__Source records__:

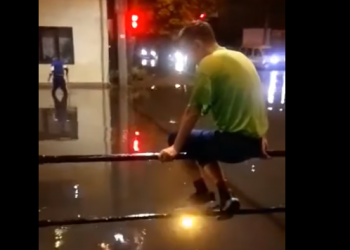 Як один тернополянин під час потопу допоміг багатьом людям (Відео)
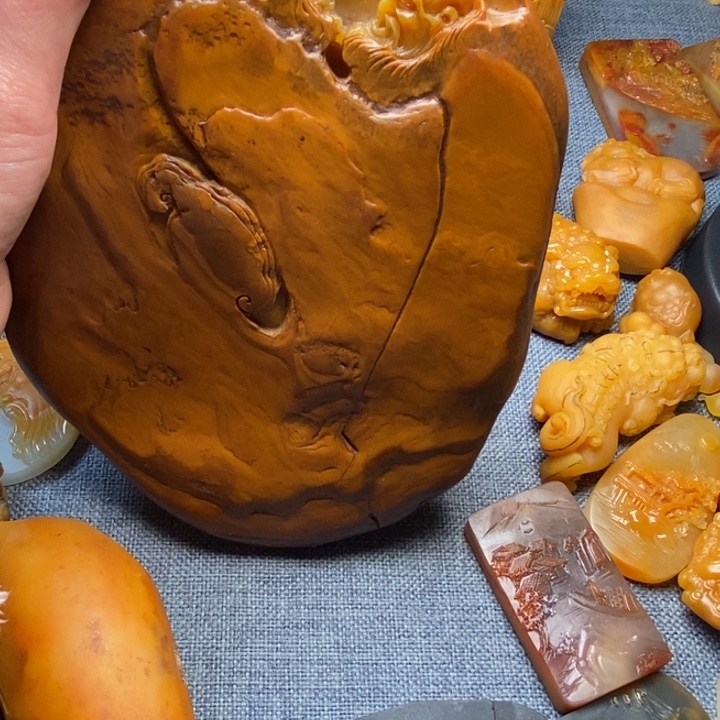 石英质玉（黄龙玉）合金颈饰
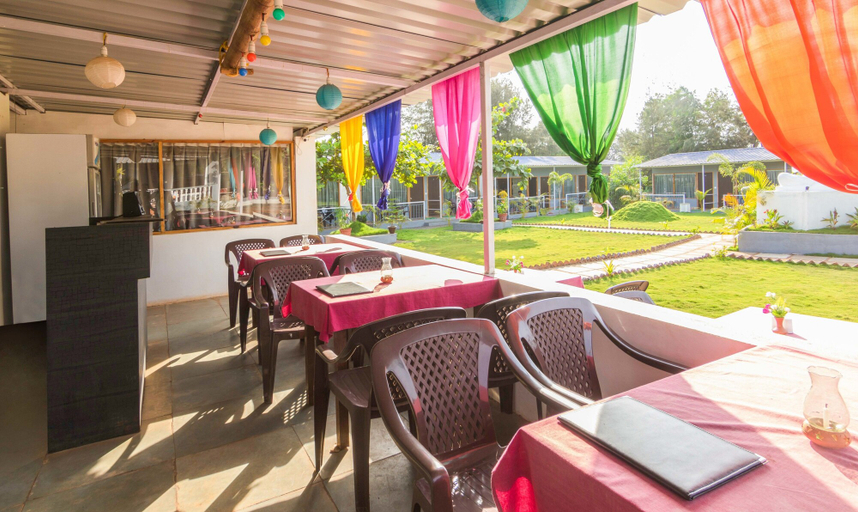 Food & Drinks 4, Treebo Lands End Beach Resort - 100m from Beach, North Goa
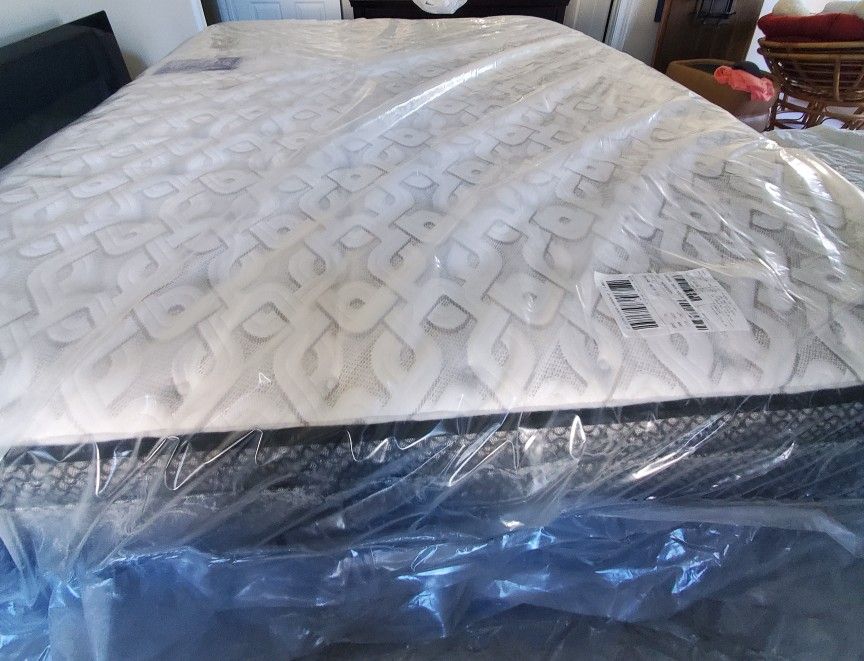 Sealy Firm Queen Mattress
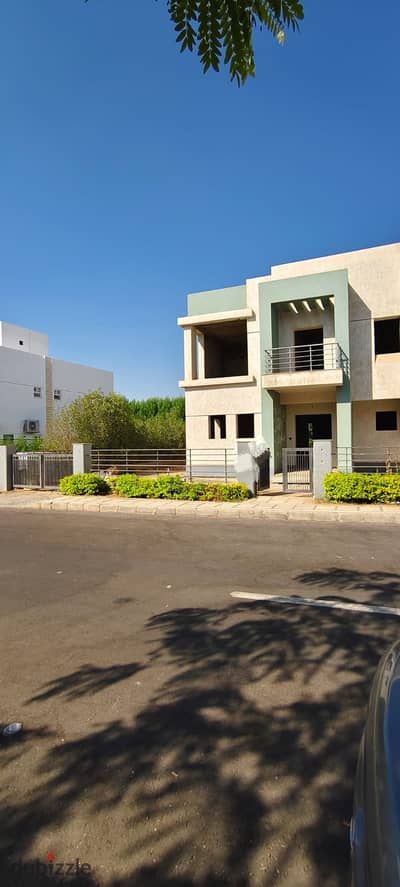 Unique villa for sale Twin House Model J in a prime location with an unspoiled corner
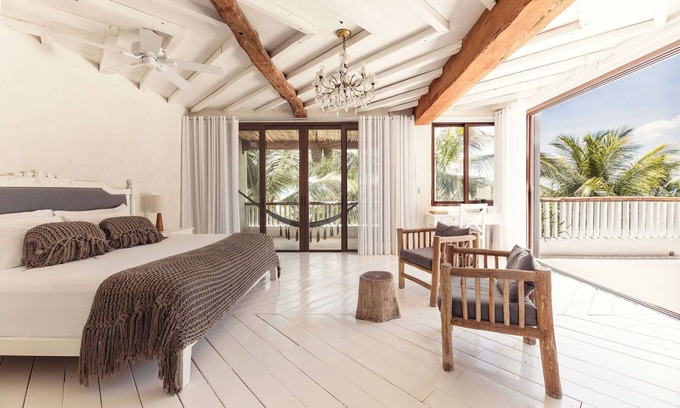 Soliman Bay Villa | Villa La Semilla 5BR Beachfront w/Chef
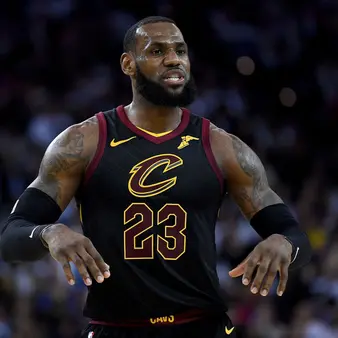 LeBron James Wants To "Break The Mold" With His Next Contract… Here's What That Means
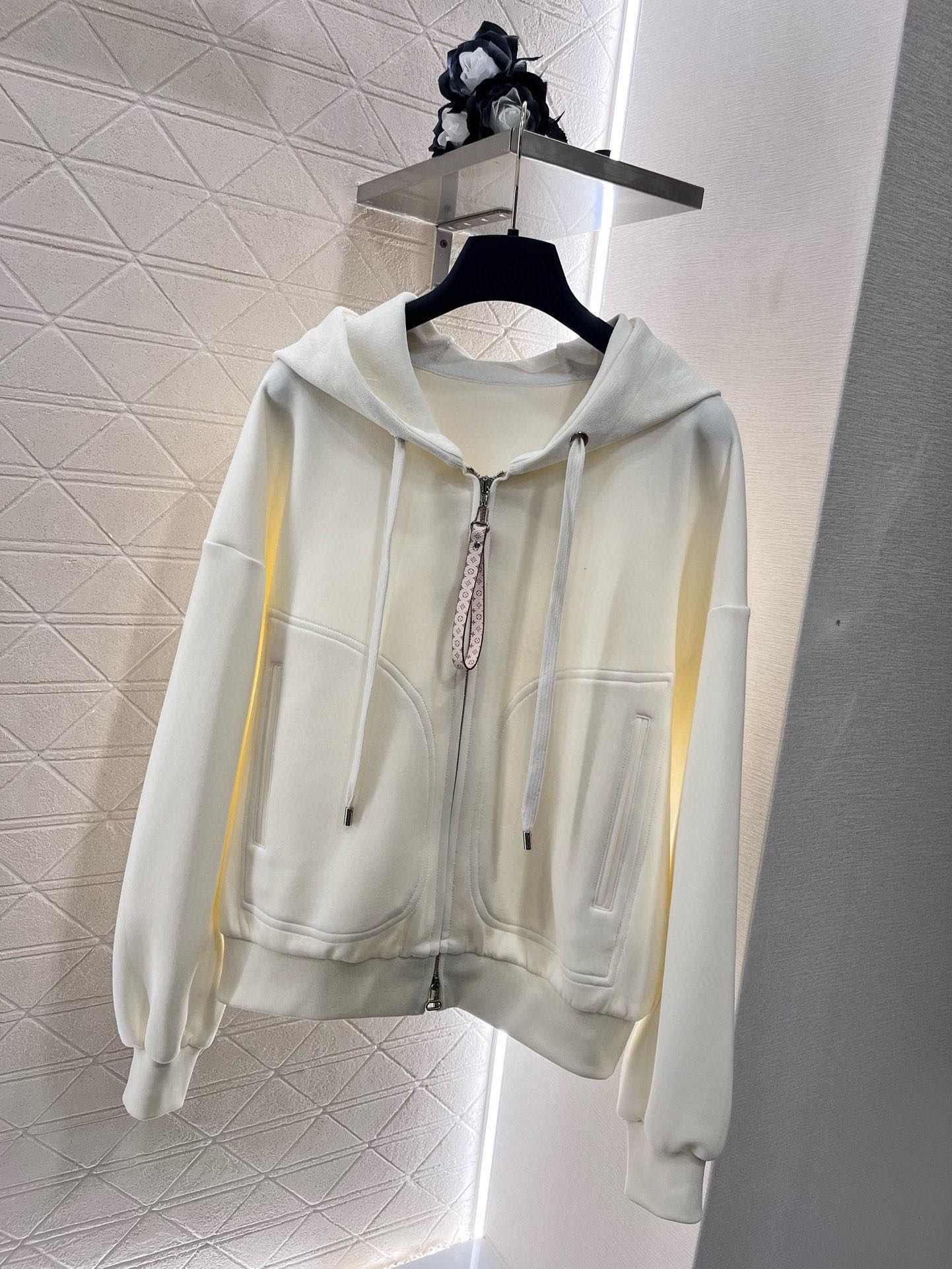 L new fashion hooded jacket and trousers suit 0724120503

__About this task__: Repeat each record exactly as shown above, dropping all images.

__Output below__:
 Як один тернополянин під час потопу допоміг багатьом людям (Відео)
 石英质玉（黄龙玉）合金颈饰
 Food & Drinks 4, Treebo Lands End Beach Resort - 100m from Beach, North Goa
 Sealy Firm Queen Mattress
 Unique villa for sale Twin House Model J in a prime location with an unspoiled corner
 Soliman Bay Villa | Villa La Semilla 5BR Beachfront w/Chef
 LeBron James Wants To "Break The Mold" With His Next Contract… Here's What That Means
 L new fashion hooded jacket and trousers suit 0724120503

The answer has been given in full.